> YOUR INSTRUCTIONS: Exactly as they appear, retype the lines from the one containing "赶尸传人：许州奇案录高清播放" through the final line of the data below. Leave pictures out.

> AVAILABLE DATA:
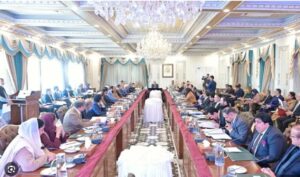 Cabinet Reshuffle Looms: Federal Government Prepares to Induct New Faces from Khyber Pakhtunkhwa
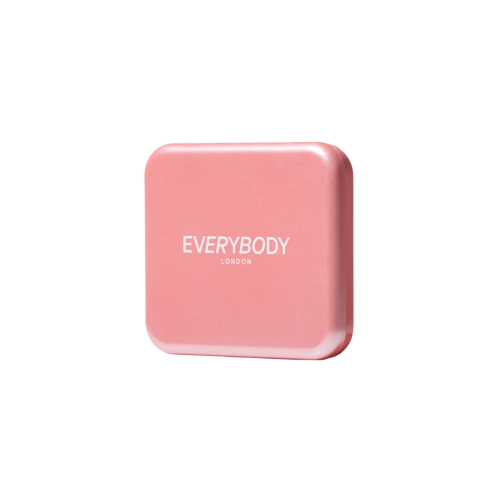Everybody London - Blush em pó iluminador - Coral Pearl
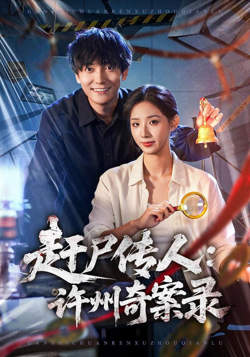 赶尸传人：许州奇案录高清播放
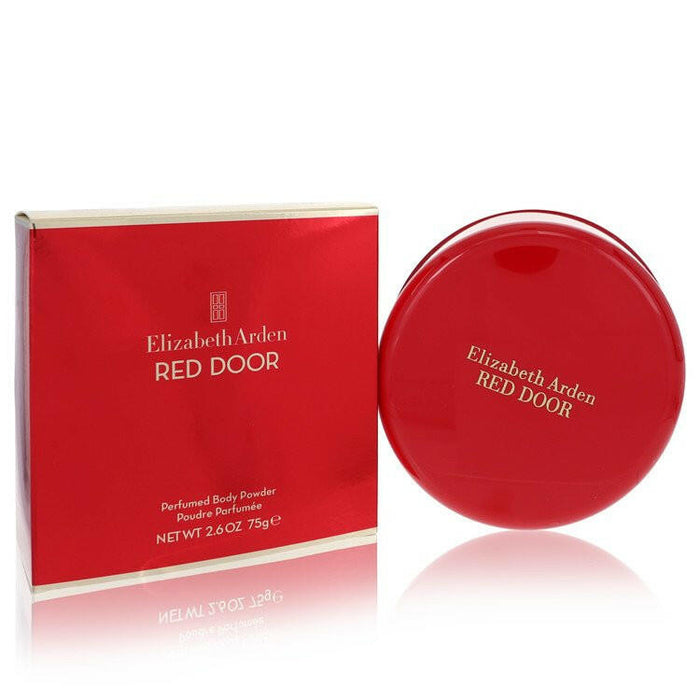 Red Door Body Powder By Elizabeth Arden - 2.6 oz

> RESPONSE FOR THIS EXERCISE:
 赶尸传人：许州奇案录高清播放
 Red Door Body Powder By Elizabeth Arden - 2.6 oz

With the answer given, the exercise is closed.